• _Records_:
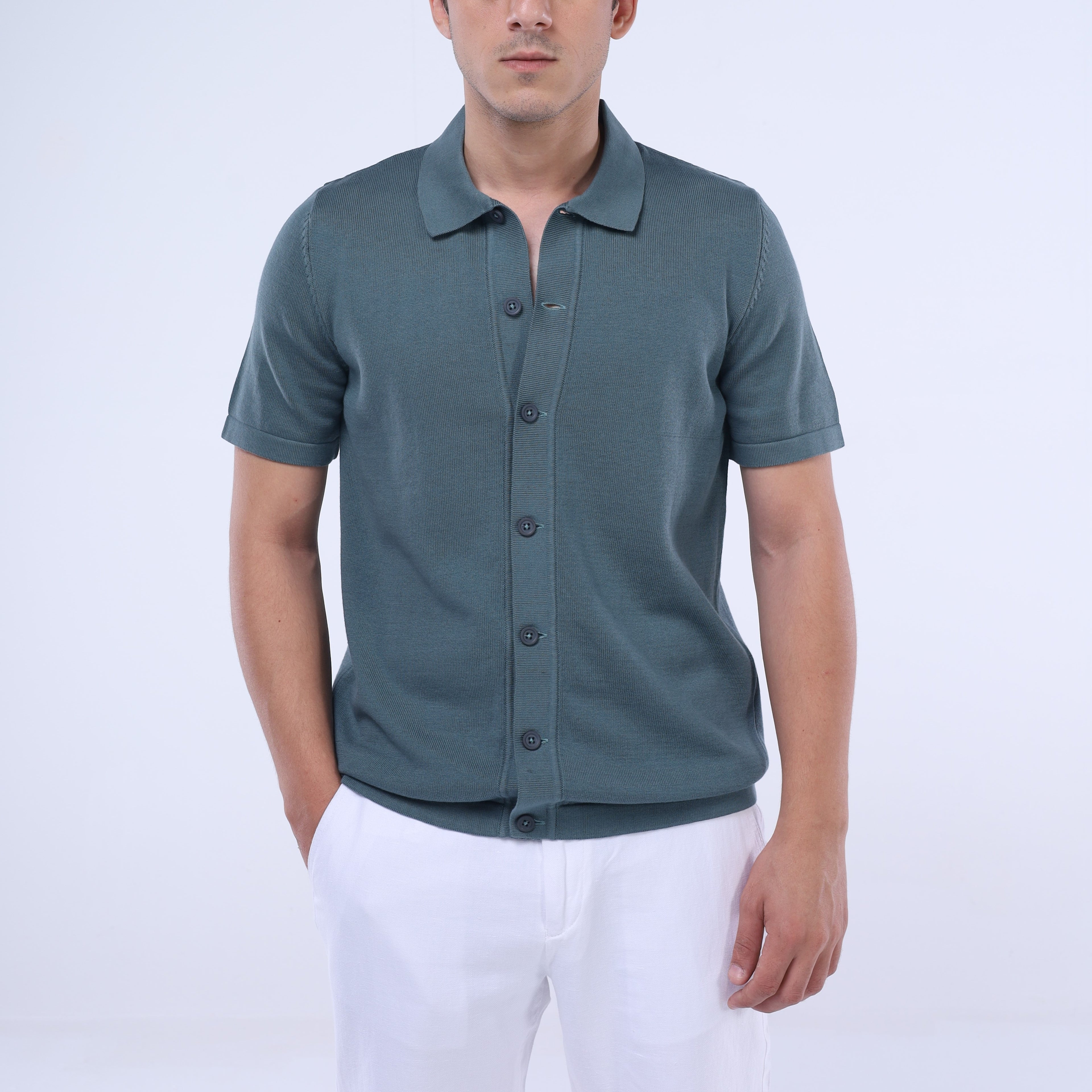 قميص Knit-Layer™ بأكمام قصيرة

--

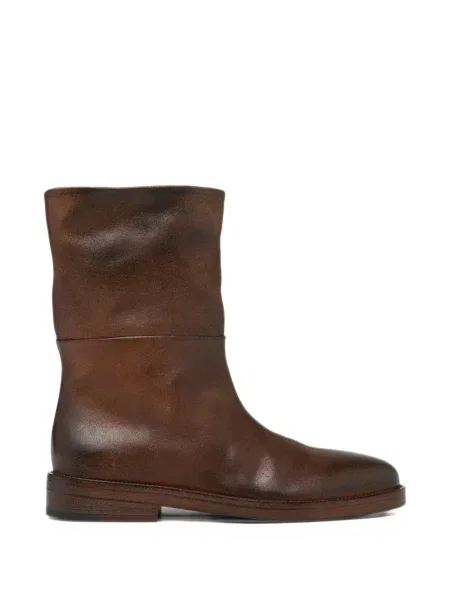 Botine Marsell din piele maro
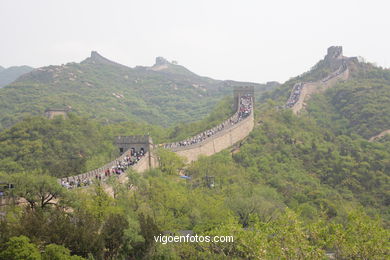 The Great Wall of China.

• _What you are asked to do_:
Within the listing above, print exactly the stretch beginning at the line that contains "Botine Marsell din piele maro" and finishing at the line that contains "The Great Wall of China.", ends kept, pictures left out, and nothing more.

• _Exercise solution_:
 Botine Marsell din piele maro
 The Great Wall of China.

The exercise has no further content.